DO: insert "fictional composites" in lieu of actual research or interviews.

(Okay, Kalin is an op-ed writer and public school teacher, not a journalist, but the parallel was too amusing to let go. Those Harvard kids: so wacky!)

Monday, March 06, 2006

Happy Belated Birthday

While I was mostly MIA over the weekend, this blog turned two. Happy birthday, Blog Formerly Known as Class Maledictorian.

Every day I write the book

Apparently you can turn your blog into a book with Blurb. Other people have gone the non-Blurb route, but there's only so much demand for fake stories about Biglaw, so any future volumes in that sub-genre may have to be self-published.

I could have used this when I was reading 50,000 word fanfics. Even I have trouble staring at the screen for that long.

Saturday, March 04, 2006

Easy Targets

Can vegans eat chalk? The answer seems to be yes. Apparently, they also can eat chocolate (despite the use of child slave labor on African cocoa plantations) but many refuse honey (because that involves exploiting the bees, dontcha know).

Friday, March 03, 2006

PTN Book Club Continues

Thanks to those who participated in the February PTN Book Club. Our March selection is Saturday, by Ian McEwan. I hope that we like it better than the previous months' books.

Pinning Down the Clerks

An email correspondent confirms that Adam Conrad (Georgia '05/Sentelle '05-'06) will be clerking for Justice Thomas in OT 2006. The clerk list has been updated.

Know me better than I know myself

I mentioned to a friend last night that I had been underwhelmed by Battlestar Galactica and quit watching after the first few discs.

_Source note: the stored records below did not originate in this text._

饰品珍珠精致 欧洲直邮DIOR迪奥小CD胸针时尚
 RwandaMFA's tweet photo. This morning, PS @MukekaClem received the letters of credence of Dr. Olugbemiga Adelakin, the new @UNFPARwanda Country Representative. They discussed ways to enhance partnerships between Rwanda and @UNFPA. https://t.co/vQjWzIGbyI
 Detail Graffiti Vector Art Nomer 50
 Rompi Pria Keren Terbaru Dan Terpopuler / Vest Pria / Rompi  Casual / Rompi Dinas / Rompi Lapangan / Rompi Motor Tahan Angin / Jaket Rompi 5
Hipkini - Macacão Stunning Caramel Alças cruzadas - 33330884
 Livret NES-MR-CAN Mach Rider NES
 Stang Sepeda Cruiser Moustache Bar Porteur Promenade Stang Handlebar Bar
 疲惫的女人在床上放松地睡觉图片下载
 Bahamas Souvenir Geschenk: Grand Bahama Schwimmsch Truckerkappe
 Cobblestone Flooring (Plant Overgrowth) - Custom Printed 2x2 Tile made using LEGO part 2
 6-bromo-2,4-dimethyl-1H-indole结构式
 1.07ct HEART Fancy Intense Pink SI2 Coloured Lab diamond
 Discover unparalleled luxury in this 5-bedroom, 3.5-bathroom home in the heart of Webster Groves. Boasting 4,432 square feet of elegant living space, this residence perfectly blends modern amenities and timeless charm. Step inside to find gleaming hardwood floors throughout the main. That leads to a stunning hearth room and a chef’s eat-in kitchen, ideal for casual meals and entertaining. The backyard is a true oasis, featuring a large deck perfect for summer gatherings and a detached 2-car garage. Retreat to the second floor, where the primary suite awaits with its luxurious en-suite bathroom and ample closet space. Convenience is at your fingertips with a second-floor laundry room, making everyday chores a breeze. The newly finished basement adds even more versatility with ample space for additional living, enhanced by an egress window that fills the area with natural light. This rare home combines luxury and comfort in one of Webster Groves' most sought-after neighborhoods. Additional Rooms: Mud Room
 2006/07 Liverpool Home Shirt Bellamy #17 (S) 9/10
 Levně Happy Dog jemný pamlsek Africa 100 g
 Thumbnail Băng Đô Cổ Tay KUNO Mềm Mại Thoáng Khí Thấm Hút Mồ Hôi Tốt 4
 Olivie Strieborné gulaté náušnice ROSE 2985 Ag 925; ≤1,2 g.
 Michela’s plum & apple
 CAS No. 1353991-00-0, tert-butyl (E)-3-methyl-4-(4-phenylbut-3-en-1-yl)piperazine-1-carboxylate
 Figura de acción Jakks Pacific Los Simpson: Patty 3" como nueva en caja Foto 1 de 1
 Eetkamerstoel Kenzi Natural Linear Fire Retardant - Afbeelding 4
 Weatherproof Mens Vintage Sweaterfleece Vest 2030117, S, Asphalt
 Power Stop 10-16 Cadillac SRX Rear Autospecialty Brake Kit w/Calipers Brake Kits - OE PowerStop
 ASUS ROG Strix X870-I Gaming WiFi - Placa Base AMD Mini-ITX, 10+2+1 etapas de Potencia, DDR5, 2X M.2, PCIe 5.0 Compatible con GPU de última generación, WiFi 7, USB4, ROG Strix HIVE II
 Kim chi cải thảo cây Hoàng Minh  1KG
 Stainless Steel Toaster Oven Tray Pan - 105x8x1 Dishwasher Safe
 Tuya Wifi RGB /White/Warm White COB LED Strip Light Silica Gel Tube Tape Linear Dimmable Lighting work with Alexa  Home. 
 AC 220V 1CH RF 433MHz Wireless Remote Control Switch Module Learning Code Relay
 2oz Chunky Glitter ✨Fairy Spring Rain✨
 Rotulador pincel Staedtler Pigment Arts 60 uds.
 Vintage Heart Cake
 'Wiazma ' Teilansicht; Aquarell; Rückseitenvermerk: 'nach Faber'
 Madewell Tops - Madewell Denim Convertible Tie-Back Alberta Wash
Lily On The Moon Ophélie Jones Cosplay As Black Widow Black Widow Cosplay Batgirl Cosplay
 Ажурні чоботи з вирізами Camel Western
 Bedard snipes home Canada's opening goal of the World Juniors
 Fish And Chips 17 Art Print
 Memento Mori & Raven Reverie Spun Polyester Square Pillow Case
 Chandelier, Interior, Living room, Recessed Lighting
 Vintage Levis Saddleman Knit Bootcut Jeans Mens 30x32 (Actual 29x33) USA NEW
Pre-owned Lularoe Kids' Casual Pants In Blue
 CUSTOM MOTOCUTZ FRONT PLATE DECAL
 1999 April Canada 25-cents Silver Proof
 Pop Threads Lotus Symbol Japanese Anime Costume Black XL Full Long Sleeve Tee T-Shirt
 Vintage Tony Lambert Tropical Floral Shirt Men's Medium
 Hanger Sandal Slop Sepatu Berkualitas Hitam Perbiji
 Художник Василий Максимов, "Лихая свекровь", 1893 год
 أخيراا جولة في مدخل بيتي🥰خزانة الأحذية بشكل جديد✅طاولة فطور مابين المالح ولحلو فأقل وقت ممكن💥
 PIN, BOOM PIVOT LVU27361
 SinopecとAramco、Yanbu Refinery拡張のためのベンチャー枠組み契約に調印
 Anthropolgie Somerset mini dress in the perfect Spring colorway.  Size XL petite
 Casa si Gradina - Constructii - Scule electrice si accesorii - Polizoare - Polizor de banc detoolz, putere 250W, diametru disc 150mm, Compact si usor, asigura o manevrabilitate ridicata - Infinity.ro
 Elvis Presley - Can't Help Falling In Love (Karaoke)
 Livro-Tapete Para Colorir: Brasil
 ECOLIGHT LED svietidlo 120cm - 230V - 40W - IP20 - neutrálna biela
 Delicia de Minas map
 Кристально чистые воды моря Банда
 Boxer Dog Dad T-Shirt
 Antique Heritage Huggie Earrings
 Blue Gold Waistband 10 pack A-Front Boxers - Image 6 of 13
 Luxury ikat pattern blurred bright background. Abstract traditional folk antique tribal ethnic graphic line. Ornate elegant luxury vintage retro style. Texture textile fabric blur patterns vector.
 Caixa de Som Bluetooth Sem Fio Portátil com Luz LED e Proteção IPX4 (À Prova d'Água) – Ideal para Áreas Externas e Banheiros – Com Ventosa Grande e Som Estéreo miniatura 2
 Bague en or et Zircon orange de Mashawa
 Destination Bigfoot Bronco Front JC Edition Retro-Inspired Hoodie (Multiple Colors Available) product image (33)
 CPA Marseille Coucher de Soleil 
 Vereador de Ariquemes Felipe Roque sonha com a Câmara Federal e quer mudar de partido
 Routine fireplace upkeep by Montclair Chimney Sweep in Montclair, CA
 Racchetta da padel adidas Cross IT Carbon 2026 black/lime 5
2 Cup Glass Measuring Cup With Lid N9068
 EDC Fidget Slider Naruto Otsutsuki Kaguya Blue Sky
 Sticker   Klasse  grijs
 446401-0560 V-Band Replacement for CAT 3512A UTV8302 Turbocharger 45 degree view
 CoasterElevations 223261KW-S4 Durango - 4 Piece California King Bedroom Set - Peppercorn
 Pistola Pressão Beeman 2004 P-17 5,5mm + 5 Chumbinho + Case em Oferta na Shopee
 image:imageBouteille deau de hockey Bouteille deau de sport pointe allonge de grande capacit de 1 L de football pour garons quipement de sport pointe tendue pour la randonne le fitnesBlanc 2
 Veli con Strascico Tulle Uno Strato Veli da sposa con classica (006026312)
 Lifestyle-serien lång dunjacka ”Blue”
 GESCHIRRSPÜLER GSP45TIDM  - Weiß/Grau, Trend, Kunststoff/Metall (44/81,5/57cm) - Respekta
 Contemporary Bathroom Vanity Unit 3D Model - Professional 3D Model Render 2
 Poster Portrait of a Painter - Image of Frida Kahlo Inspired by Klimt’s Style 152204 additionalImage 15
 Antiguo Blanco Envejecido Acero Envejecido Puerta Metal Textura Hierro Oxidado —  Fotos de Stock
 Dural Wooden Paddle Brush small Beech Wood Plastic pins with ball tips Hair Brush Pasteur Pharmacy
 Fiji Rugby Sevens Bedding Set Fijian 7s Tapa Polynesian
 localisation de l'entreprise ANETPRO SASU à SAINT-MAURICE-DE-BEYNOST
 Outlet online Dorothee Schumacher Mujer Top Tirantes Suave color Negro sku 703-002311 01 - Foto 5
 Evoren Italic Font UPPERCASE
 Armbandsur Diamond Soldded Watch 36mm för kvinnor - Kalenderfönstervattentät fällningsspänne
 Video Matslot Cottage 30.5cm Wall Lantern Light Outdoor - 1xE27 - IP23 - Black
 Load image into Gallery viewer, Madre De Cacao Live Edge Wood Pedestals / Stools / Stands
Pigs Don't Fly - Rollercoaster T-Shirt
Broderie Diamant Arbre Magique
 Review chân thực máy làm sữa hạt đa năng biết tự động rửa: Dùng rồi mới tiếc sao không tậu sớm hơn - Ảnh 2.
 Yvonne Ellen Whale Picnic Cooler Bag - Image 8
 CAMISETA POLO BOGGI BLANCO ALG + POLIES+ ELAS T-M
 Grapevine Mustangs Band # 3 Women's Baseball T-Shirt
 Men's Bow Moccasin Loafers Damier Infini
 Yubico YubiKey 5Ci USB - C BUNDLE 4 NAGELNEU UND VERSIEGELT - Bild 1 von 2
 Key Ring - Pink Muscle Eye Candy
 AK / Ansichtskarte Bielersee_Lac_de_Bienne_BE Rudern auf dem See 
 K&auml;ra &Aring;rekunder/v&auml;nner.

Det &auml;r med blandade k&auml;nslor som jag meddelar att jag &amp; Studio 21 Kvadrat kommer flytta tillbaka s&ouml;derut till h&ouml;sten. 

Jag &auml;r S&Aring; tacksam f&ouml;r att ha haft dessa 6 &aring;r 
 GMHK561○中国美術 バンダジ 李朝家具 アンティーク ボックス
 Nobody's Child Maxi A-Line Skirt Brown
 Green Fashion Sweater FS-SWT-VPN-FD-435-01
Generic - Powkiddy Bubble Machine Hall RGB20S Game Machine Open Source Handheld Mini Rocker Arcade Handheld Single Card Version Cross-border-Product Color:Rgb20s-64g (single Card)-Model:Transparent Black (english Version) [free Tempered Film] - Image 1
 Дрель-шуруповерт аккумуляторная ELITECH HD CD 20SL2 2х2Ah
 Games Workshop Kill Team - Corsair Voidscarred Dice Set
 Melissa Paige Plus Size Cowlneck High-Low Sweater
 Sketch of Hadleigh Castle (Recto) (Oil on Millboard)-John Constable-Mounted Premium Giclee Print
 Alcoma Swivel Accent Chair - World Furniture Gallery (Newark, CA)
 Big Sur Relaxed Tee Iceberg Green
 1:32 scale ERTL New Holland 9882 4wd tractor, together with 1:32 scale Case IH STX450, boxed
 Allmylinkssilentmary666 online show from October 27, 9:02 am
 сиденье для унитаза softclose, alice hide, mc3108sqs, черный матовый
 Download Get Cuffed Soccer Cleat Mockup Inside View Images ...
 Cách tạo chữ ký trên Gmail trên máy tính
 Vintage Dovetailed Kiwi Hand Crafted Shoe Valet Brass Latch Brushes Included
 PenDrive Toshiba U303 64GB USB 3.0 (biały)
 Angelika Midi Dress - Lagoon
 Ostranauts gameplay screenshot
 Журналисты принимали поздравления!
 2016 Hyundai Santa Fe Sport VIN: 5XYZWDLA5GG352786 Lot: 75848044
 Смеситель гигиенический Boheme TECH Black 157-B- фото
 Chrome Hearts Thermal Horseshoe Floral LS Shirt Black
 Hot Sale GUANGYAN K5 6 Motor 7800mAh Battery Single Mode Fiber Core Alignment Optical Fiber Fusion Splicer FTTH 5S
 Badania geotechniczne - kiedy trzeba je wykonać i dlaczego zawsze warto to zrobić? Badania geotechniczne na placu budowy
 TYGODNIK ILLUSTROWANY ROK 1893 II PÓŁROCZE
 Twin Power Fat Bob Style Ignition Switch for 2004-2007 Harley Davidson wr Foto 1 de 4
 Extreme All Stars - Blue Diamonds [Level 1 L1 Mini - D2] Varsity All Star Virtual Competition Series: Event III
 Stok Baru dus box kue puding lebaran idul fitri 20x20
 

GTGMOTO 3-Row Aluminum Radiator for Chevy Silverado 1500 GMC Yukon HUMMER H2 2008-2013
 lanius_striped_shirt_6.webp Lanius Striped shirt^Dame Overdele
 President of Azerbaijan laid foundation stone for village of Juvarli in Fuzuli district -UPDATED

"I bet I know exactly when you started to lose interest. The part just after most of humanity is destroyed, when we zoom in on a couple and Adama says, 'They better start having babies.'"

"Not true, although I don't understand why they can't just float around in space until they die of old age. Why should the people who are still alive rearrange their own lives for the sake of people who aren't even born?"

"See, this is what I mean. The show is uninteresting to you because you don't find the central conflict compelling. You have no species preservation instinct."

"And here I thought it was just that the doctor was really annoying."

Thursday, March 02, 2006

Little Known Facts

When Anna Nicole first met her gazillionaire, she was an A-cup. The district court's opinion inexplicably left out this fact and asserted that she had to work the less lucrative day shift as a dancer because she was "big boned."


When in Sedona, do not eat at Casa Rincon.

Wednesday, March 01, 2006

Crash and Burn

Much as I hate to agree with the Douthat about anything, I must concur: Crash is a terrible movie. Nice takedowns can be read here and here.

Bits & pieces

I'm still collecting information for the Supreme Court clerk profiles, but in the meantime, here are some links:

Southern California taken over by bears. They apparently enjoy swimming in backyard pools.

Radley Balko sums up some of the reasons I've been appalled by the Crunchy Con movement.

Harvard is doomed. Dooooomed!

Apropos our earlier discussion, artistic nudity is blocked by some filtering software. There is, of course, a protest movement.